The Bank of International Settlements’ Foreign Exchange Working Group reached the midpoint in developing its Global Code of Conduct for Foreign Exchange with the publishing of its first part of the code on May 26.
The need for such a code is due to the growing portion of agency transactions in a historically principal-based market, according to Phil Weisberg, global head of FRC Trading at Thomson Reuters.
“We’ve seen confusion among clients where they weren’t really aware how the market functioned and whether they were acting with someone who is an agent or a principal,” he said.
The first portion of the code addresses the issues of ethics; information sharing and communications; and confirmation and settlement issues with 17 enumerated principles that range from striving for the highest professional standards to performing timely account-econciliation processes.

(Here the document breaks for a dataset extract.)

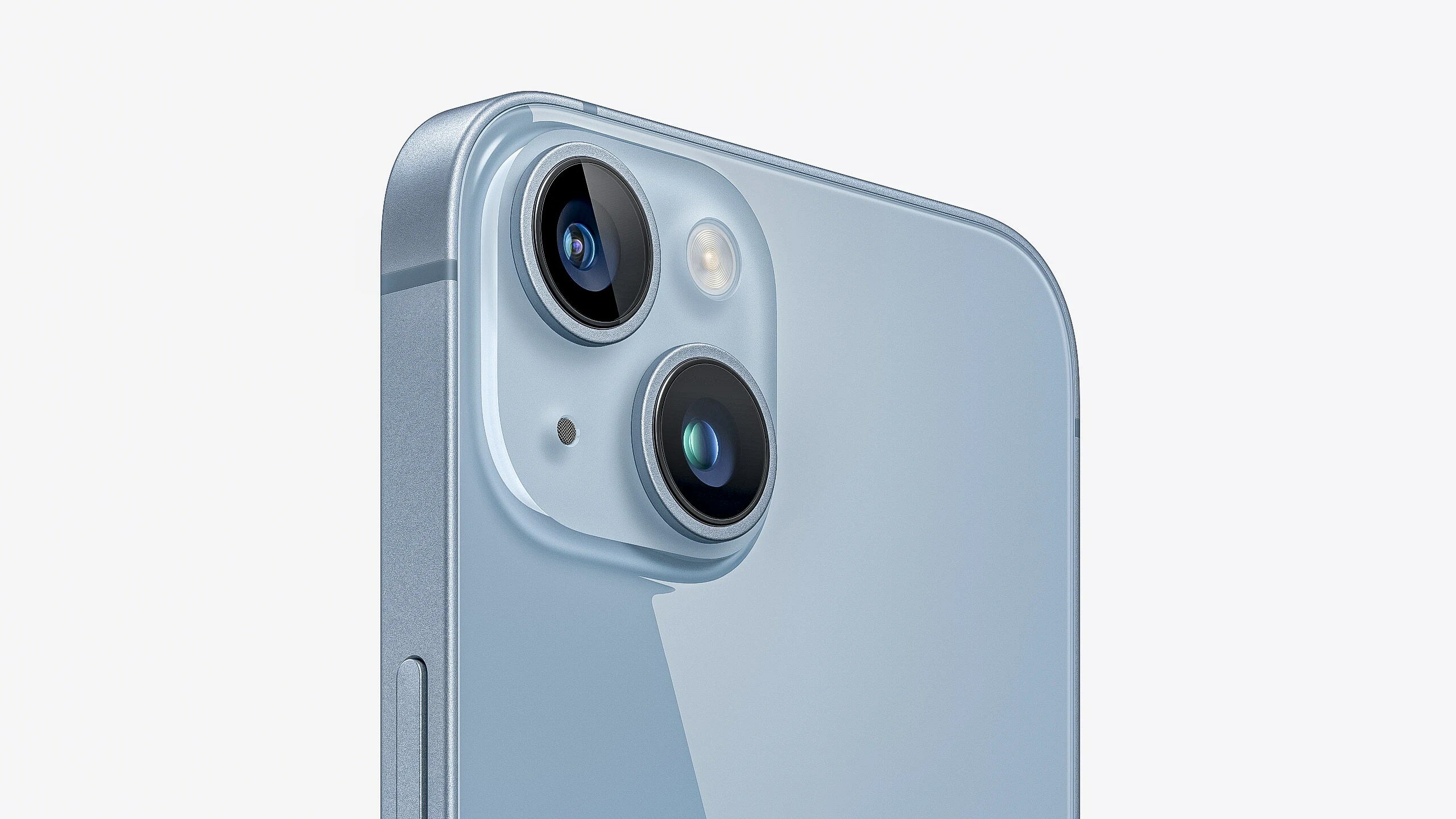 Apple iPhone 14 (Color:Blue, Объем памяти:128 Gb)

Omitted from the 30-page document are the final principles regarding governance, execution, risk management and compliance that the FXWG will include in second portion of the code, which it plans to publish in May 2017.

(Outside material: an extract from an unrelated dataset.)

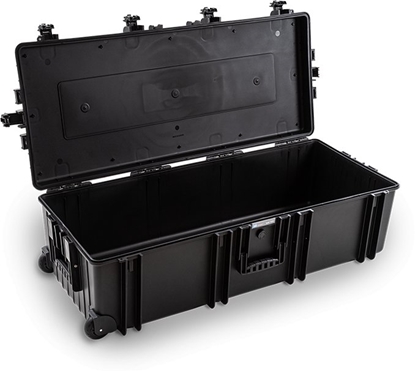 Picture of B&W Outdoor Case Type 7300y black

“One factor influencing our choice of which topics to cover in the first phase was our assessment of what issues the market was looking for clarity on sooner rather than later,” said Guy Develle, assistant governor, financial markets, at the Reserve Bank of Austria and co-chair of the FXWG in a prepared statement. “We have attempted to provided greater clarity on issues such as information sharing and order handling in the document released today.”

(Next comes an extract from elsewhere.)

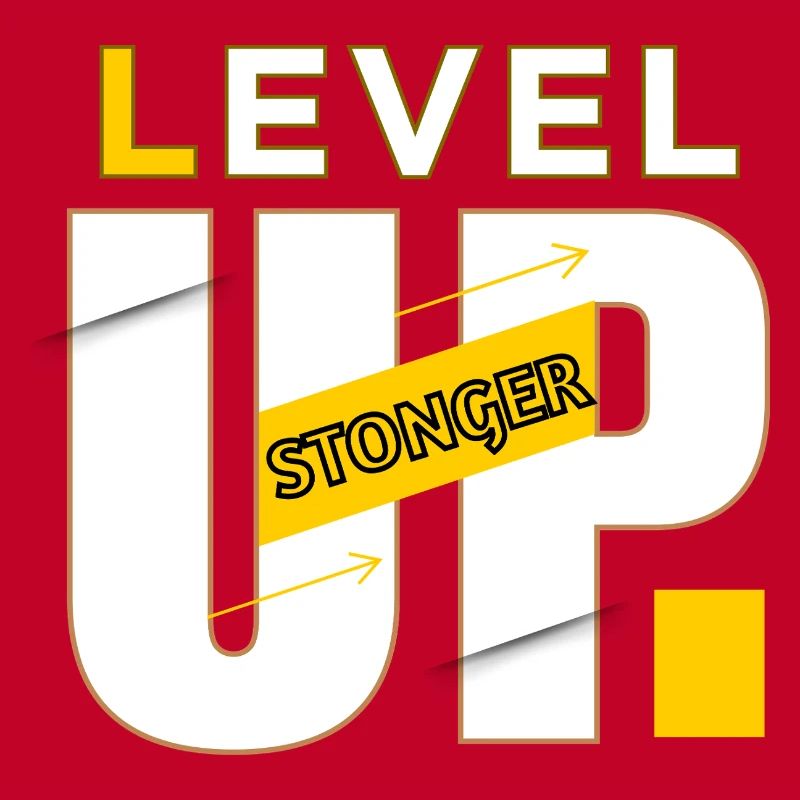 Level Up Graphics Power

“Keep in mind, to get a process together that mixes large numbers of the public and private sectors and get them to agree on a single work product is a very difficult task,” said Weisberg. “The group now has been operation with them and establish processes for making this happen. With that in place, it will enable the mot tackle a little bit more detailed and complex subjects.”
The code, when completed, will supersede every other code and best practices currently in place, according to its authors. However, the code does not impose any legal or regulatory obligations on market participants or replace current regulation and simply will act as a supplement to those local regulations.
The code’s authors intend the code of conduct will cover all those who are active in the FX markets regularly as part of their business; operate a facility, system, platform, or organization in which participants can execute described transactions; provide FX benchmark execution services; or are not considered a retail market participants in the relevant jurisdiction.
“This is not a code of conduct for just the sell side,” said Duevelle. “It is there for the sell side, the buy side, non-bank participants and the platforms; its breadth is both across the globe and across the whole structure of the industry.”
The code does not consider those who run pricing-display platforms; retail remittance or money changing businesses; a private-banking customer who trades as an individual or via personal investment vehicles; or a member of the general public as a market participant.